Hi Julius,
OK, in that case I can see that a solution based on TF-A's DebugFS interface might not be desirable. Indeed, our original intention was to make the whole DebugFS system a debug-only feature (hence its name!). As such, I agree that it is likely not to get the same level of scrutiny and testing as other features intended for production systems.
One of the main use cases we have in mind for DebugFS is, being able to peek and poke into the firmware for testing purposes. Today, when doing functional testing from the normal world (for example, using TF-A Tests), we are limited to what's exposed through the SMC interface. And even then, we have limited visibility on what really happened in the firmware, as we can only deduce so much from the SMC return value(s). DebugFS could be used to bridge this gap, by providing a side channel for getting internal firmware state information.
Going back to the SMC-based solution then, I am not quite convinced SYSTEM_RESET2 is the right interface for intentionally triggering a panic in TF-A. I think the semantics do not quite match.

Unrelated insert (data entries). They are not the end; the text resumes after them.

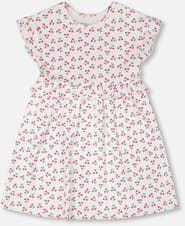 Deux par Deux Cotton Rib Cherries Short Sleeve Dress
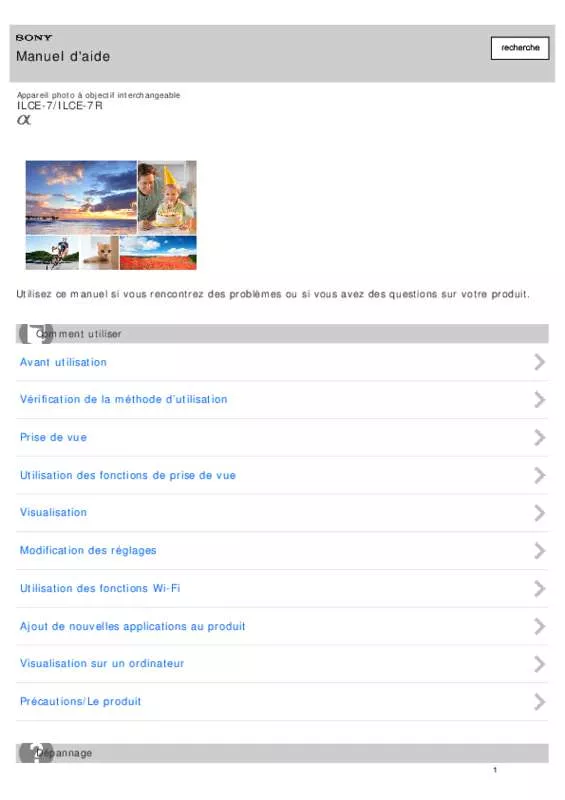Mode d'emploi SONY ALPHA 7R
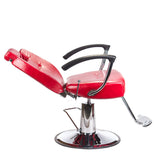 Red Barber Chair HEKTOR BH-3208 by Beauty System with padded seat and backrest, armrests, and chrome base for salon use.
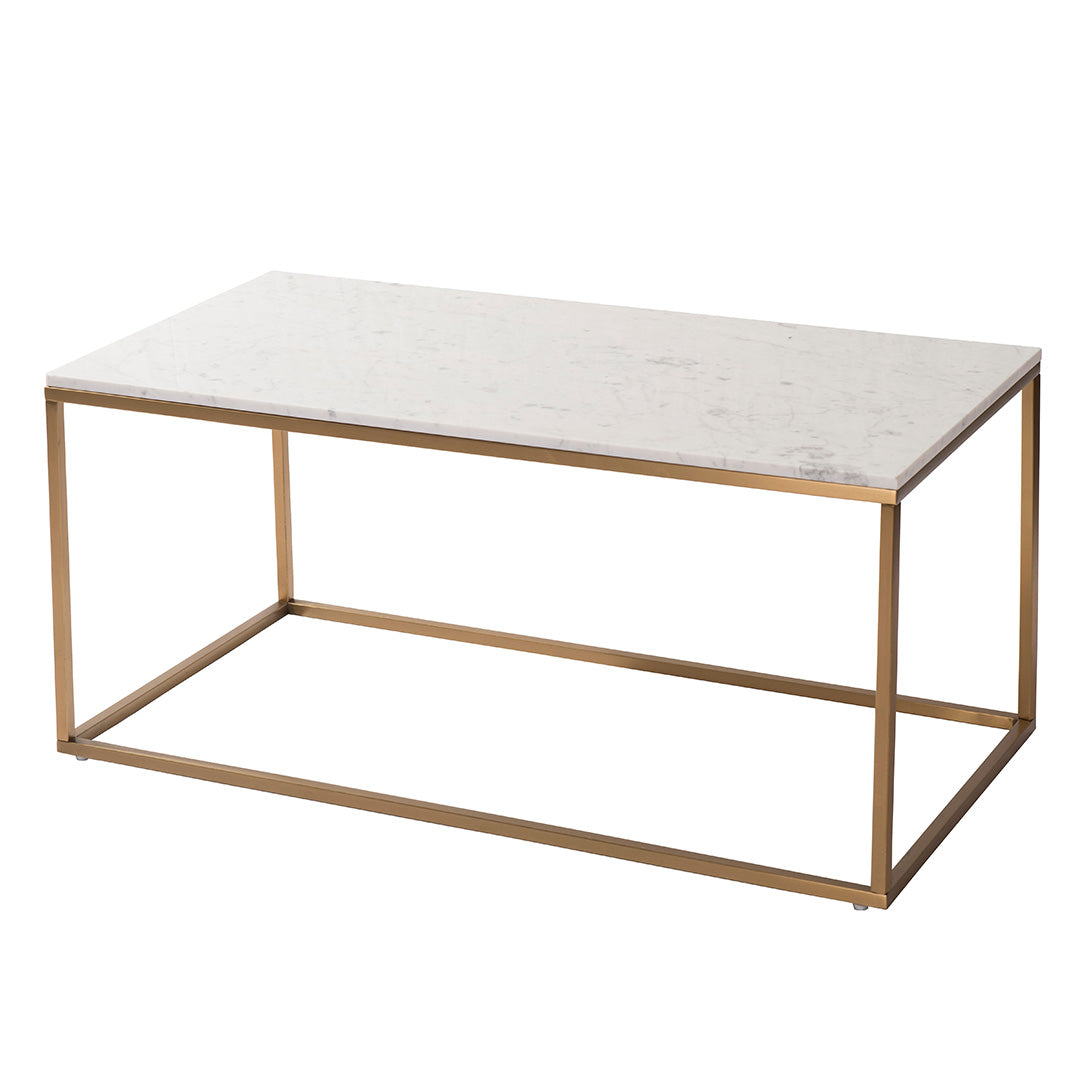 Faceby White Marble & Gold Coffee Table by RV Astley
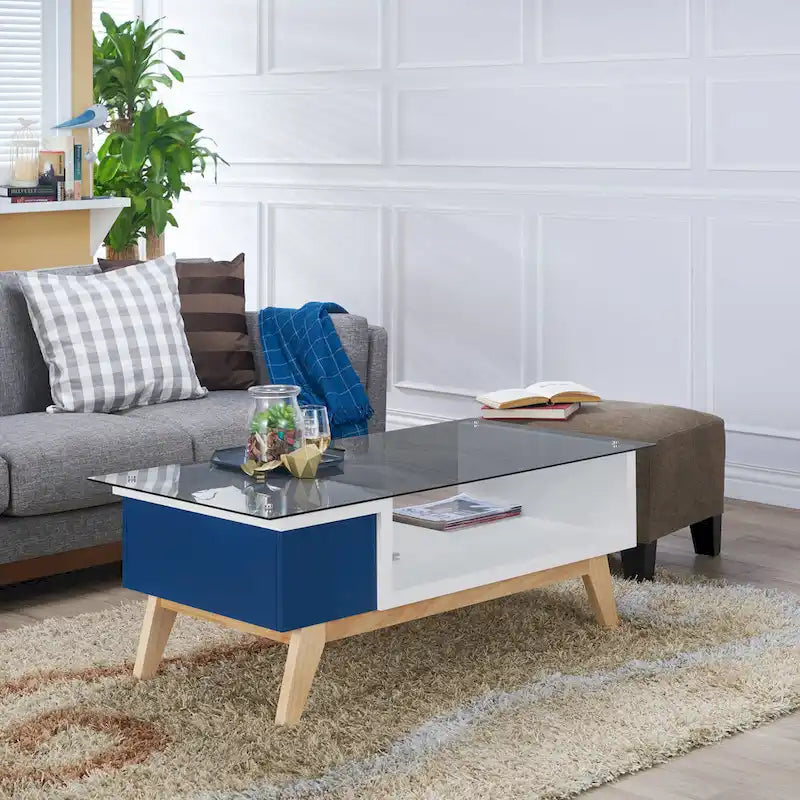 Table basse moderne 1 étagère avec plateau en verre de 47 pouces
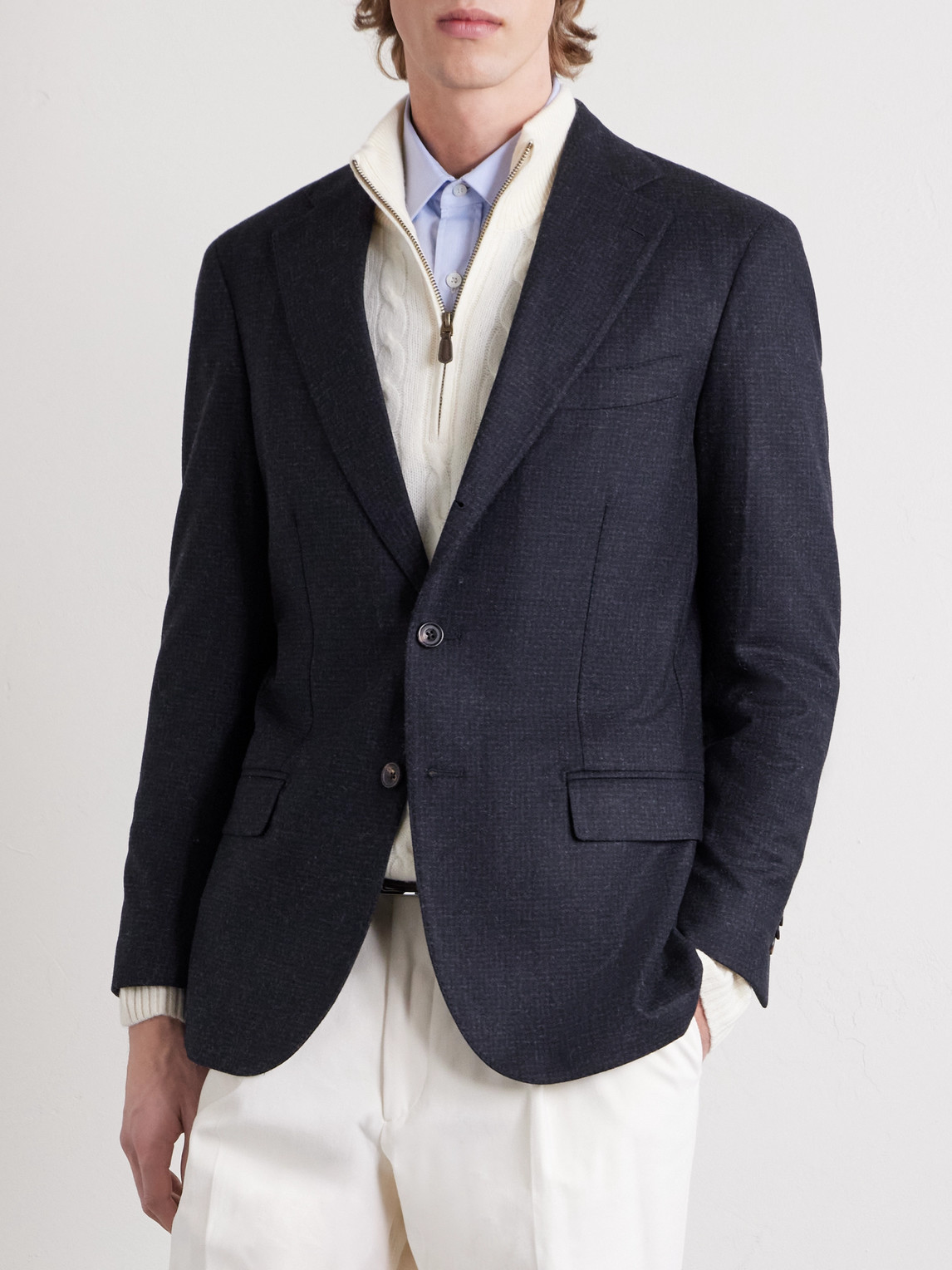 J. Mueser Waverly Wool Suit Jacket In Blue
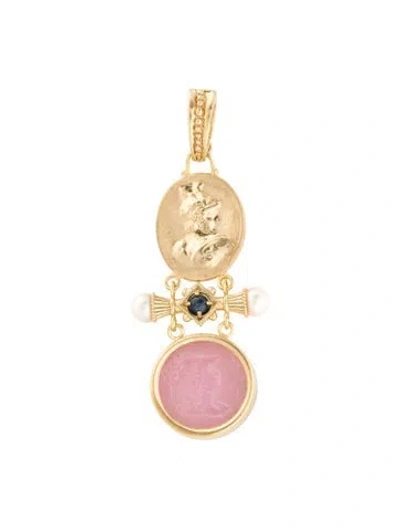 Pre-owned Tagliamonte Pearl & Venetian Glass Cameo Pendant In Pink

If anything, a firmware crash seems more like a shutdown operation to me rather than a reset (we don't recover from a firmware crash). I am not even sure we should look into the PSCI SMC range, as it's not a power-management operation.
Julius, you wrote:
It's the same problem that the SMC/PSCI spec and the TF repository layout is only designed to deal with generic vs. SoC-vendor-specific differentiation. If the normal world OS needs a feature, we can only make it generic or duplicate it across all vendors running that OS.
So it sounds like it's not the first time that you hit this issue, is it? Do you have any other example of Normal World OS feature you would have liked to expose through a generic SMC interface? I am wondering whether this could help choosing the right SMC range, if we can identify some common criteria among a set of such features.